March is Women’s History Month. At Lahey Hospital & Medical Center (LHMC), we’re proud to celebrate the women that help fulfill our mission to deliver compassionate health care to each of our patients. We recently sat down with Susan Moffatt-Bruce, MD, PhD, LHMC’s newest president, to chat about how her experience as a female leader has shaped her approach to health care administration.
Dr. Moffatt-Bruce’s roots in healthcare stretch all the way to childhood, and it was the women in her life that first inspired her to consider a career in the industry. “My mother was my hero,” she told us. “She was a nurse for 52 years. I remember her going to work and always coming home so proud of the care she had given to patients during her shift.”

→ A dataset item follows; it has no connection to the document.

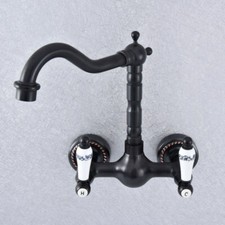 Black Oil Rubbed Brass Kitchen Faucet Bathroom Sink Mixer Tap Wall Mount ssf713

Moffatt-Bruce saw how gratifying her mother found the work and was hooked. Eventually, when her mother was a cardiology nurse, she began volunteering and instantly realized it was her calling. “I was fortunate to have been able to really appreciate the power of healing and the privilege we have as health care providers to bring that to our patients and their families.”
She eventually found a career in cardiothoracic surgery, but it didn’t take long for her to recognize the structural barriers women face every day. In fact, she attributes some of her success to her tireless efforts to overcome those inequities. “I perhaps always tried a little harder and stayed a little longer to make sure my care of patients was excellent,” she said.
Delivering health care excellence is still the top priority for Susan as president of LHMC, but she’s also committed to using her influence to positively impact future generations of female health care professionals. “I hope that I will be seen as a role model who created spaces for all voices at the table and as someone who was brave enough to address the very real challenges we face in health care today.”
Although Moffatt-Bruce has found success in an overwhelmingly male-dominated space, she still makes it her mission to break down the barriers keeping not just women, but people of all identity groups from pursuing their career aspirations in health care. “I have a responsibility to leverage my privilege as a healthcare provider to address the inequities that exist and truly forge and walk the path toward reconciliation for all peoples and patients.”